The Social, Economic, and Political Processes of Empire Building in the Spanish and Ottoman Empires
Beginning in 1450 and stretching to 1800, the Spanish and Ottoman Empires used social, political, and economic processes to build their separate empires.
In order to build their empires socially, the Spaniards and Ottomans both used the religion as a process. In Spain, Christianity was the social norm and no other religions were accepted. Christian beliefs were strictly enforced both on the Spanish mainland and in their conquered territories across the water. However, the Ottomans created unity in their building empire by creating a religiously tolerant environment. Previously, the Ottomans had ruled using Sharia Law, an exclusively Muslim code that Ottoman rulers found to be silent on most secular matters. Therefore, the Muslim leaders created a legal code that addressed rights, duties, proper clothing, and Muslim to non-Muslim etiquette. This allowed various religions to feel safe and respected in the Ottoman Empire, creating a sense of unity through accepting differences. While both the Spanish and the Ottomans used religion to bring social unity, the Spaniards used strict laws and force and the Ottomans used tolerance and acceptance.
The Spanish and the Ottomans political processes for empire building are similar to their social processes, as it was often the government (which is undeniably linked to politics) enforcing certain social norms in both empires. Although the Spanish were Christian, and the Ottomans were Muslim, they both had a state recognized religion that was enforced by the government. In Spain, the Christian monarchy enforced Christianity with a “convert or die” mentality. Indeed, the purpose of the Spanish Inquisition was to convert Jews and Muslims in Spain to the Christian faith or force them to leave the country. In the Ottoman Empire, they did not force their subjects to convert to Islam, but that did not mean they gave up Islam entirely. The Ottomans still had a fully Islamic government made up of the Janissary class. Janissaries were the young boys the Ottoman leaders trained in Islamic doctrine so they could be political leaders in the future. While the Spanish were forceful and the Ottomans were tolerant, both still used religion as a means of creating a strong government.

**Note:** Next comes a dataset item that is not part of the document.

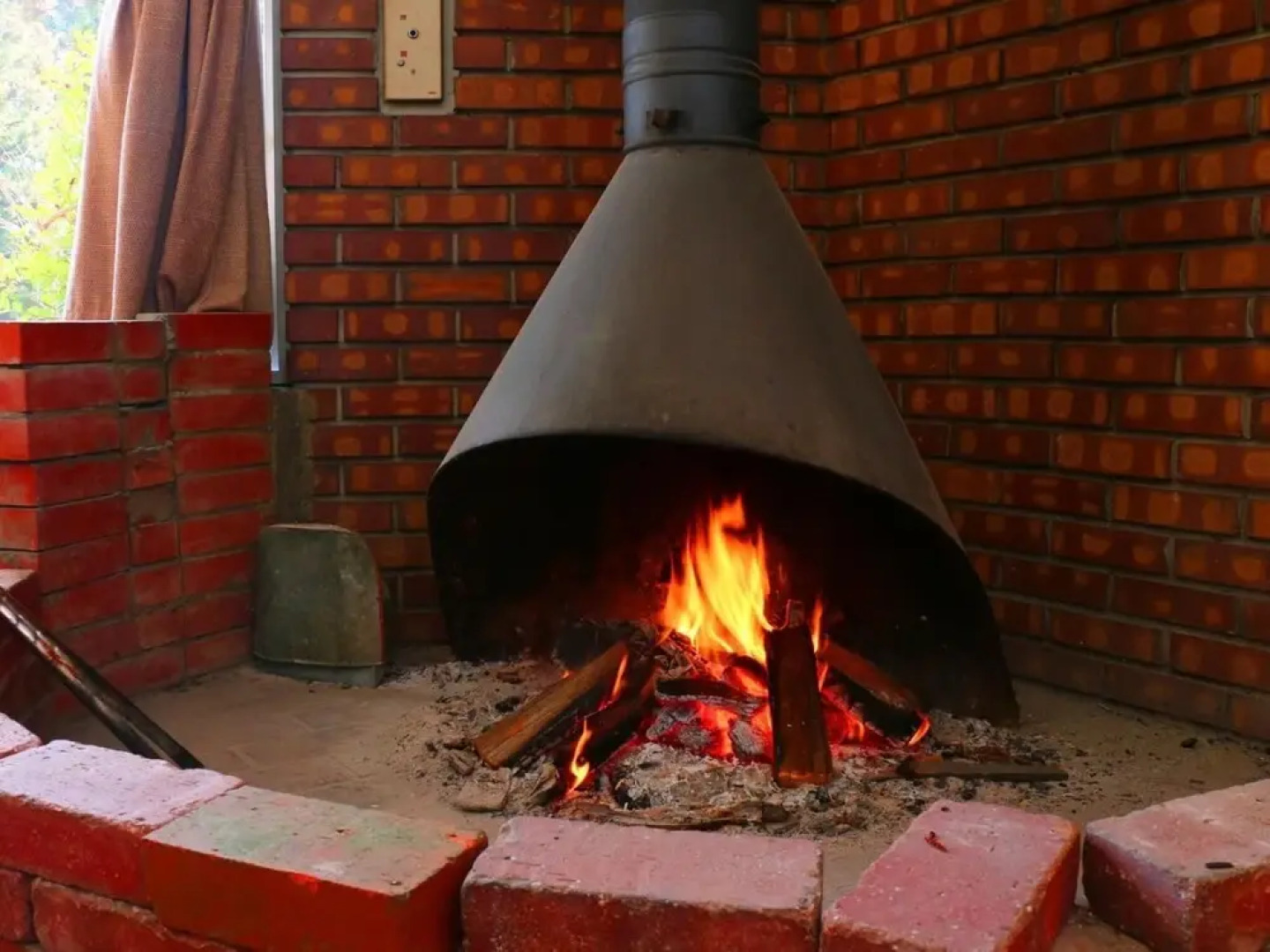 Guestroom Garden Azumino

The Spaniards and Ottomans differed completely in terms of their economic processes for empire building. For Spain, the New World had only just been discovered, and upon meeting the various native tribes in the Americas, the Spanish leadership saw dollar signs. Exploiting them for their wealth in gold and silver, the Spanish made slaves of the native peoples and managed to conquer them without destroying them completely, so Spain could continue to gain from their labor. The revenue that the America’s precious metals brought Spain was massive, and directly contributed to both their expansion and future downfall when heavy inflation occurred due to the overwhelming influx of currency. In the Ottoman Empire, the Ottomans found a source of revenue in the caravan traders who frequented their territory. By setting up stops along trade routes where traders could rest themselves and their animals the Ottomans were able to tax those who travelled the routes through their land, creating an incredible source of revenue. While Ottoman leadership did have to pay off rogue tribes surrounding depots, to them it was an investment, a small price to pay to protect the traders from marauders and ensure the revenue taxation brought. Economically, the Spanish chose to build their empire by force and exploitation, while the Ottomans chose to build their empire through entrepreneurship by providing resources to traders for a price.
1405 was the beginning of two great civilizations, the Spanish and the Ottomans, expanding their empires socially, politically, and economically. While both differed in their methods, their intentions were the same: to build great and powerful empires that would last the test of time.